It is not clear how much the government decision to bear all the subsidy on petroleum products has to do with the fact that subsidies have come down significantly with the fall in global crude oil prices, or whether these will be reversed in the future when crude oil prices start rising again, but the move is a sensible one. The fall in crude oil prices helped reduce petroleum sector under-recoveries from R163,800 crore in FY13 to a mere R27,600 crore in FY16—while oil PSUs had to bear a burden of R61,000 crore in FY13, this fell to around R2,300 crore in FY16. But it also helped a lot more since, with the government deciding to pass on just a fraction of the fall to retail consumers, it also mopped a significant amount by way of extra fuel duties.
Not all the fall in subsidies, though, is related to just the fall in global crude oil prices. Prime minister Narendra Modi’s Give-it-Up campaign was a stunning success with over 1.1 crore people agreeing to give up their subsidy due to this, and another 50 lakh chose not to link their bank accounts with their LPG subscriptions which was necessary in order for them to avail of subsidies. In addition, cleaning up duplicate LPG connections helped cull out over 3 crore users. The government also took a leaf out of the UPA’s book and decided to move to homeopathic increases in the issue price of both LPG and kerosene, the only two regulated fuels left once diesel was deregulated. Though the process has not been as public as the UPA’s decision—the upfront announcement by the UPA ensured reversing it was not easy—the government has allowed PSU oil marketing companies to make tiny increases in the prices of both kerosene and LPG every month; what is not clear is how long the process is to last. In the case of LPG, per unit subsidies had to be cut since, along with culling out the more affluent from the list of users—no subsidy is to be given to those earning more than R10 lakh per annum and this income cut-off could be further reduced—the government plans to give out 5 crore extra cylinders to the rural poor over the next few years. In the case of kerosene, the government is working with states to prune the list of users—petroleum minister Dharmendra Pradhan has told states that, with 50% of PDS kerosene being used to adulterate petrol/diesel, states are losing out on R3,500-4,000 crore of annual VAT revenues on these two fuels.
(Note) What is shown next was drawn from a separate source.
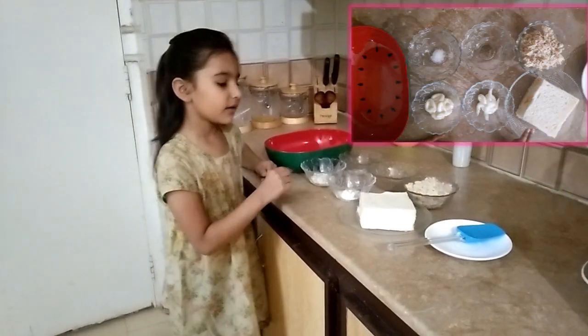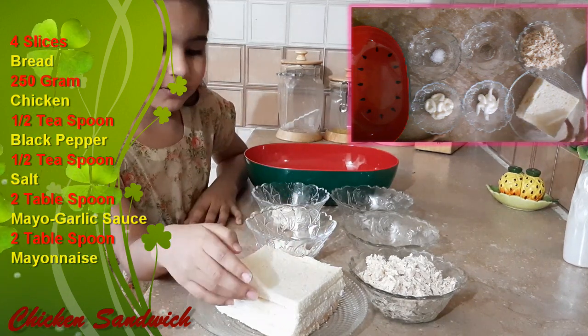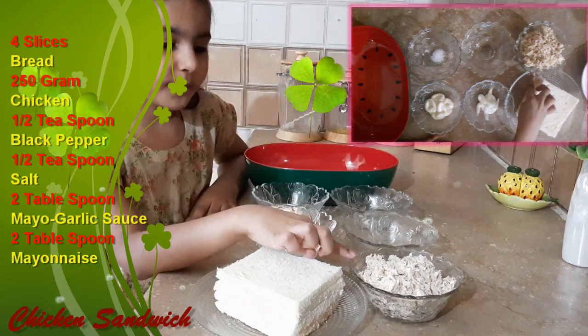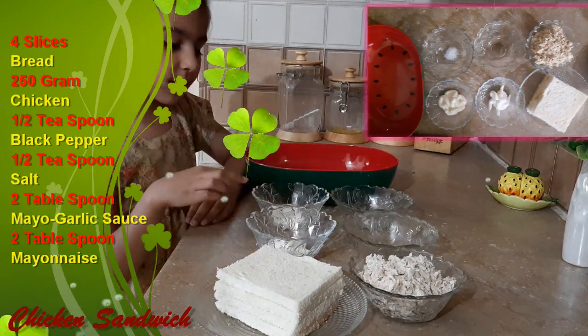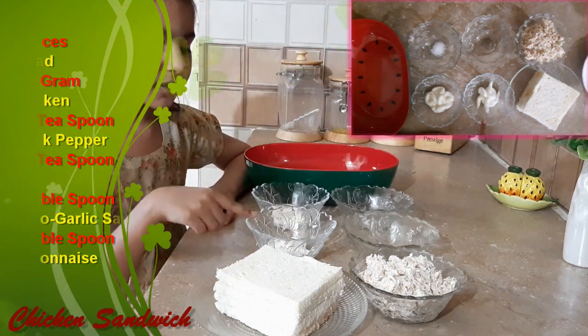For that we need four slices of bread. We have removed the hot pie of the bread. This is one cup of boiled chicken, half teaspoon of black pepper, half teaspoon of salt, two tablespoon of garlic sauce, two tablespoon of mayonnaise.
While it is always possible the government will go back to passing on the burden to oil PSUs once crude oil prices rise, there is a good reason not to. For one, the government as a whole has a combined balance sheet and, to the extent the PSUs are being asked to pay subsidies, there is that much less dividend, and taxes, that the government collects from them. At a time when PSU capex is critical to jumpstart the country’s stalled investment cycle, leaving them with less cash is also self-defeating. And, in even the short term, since the practice of oil PSUs paying subsidies has lowered their price-earnings ratios in comparison with private firms, this also means a significant loss in capital values for the government—at a time when the government is hoping to get money from divestment, footing the subsidy bill is a necessary strategy to boost the share prices of oil PSUs.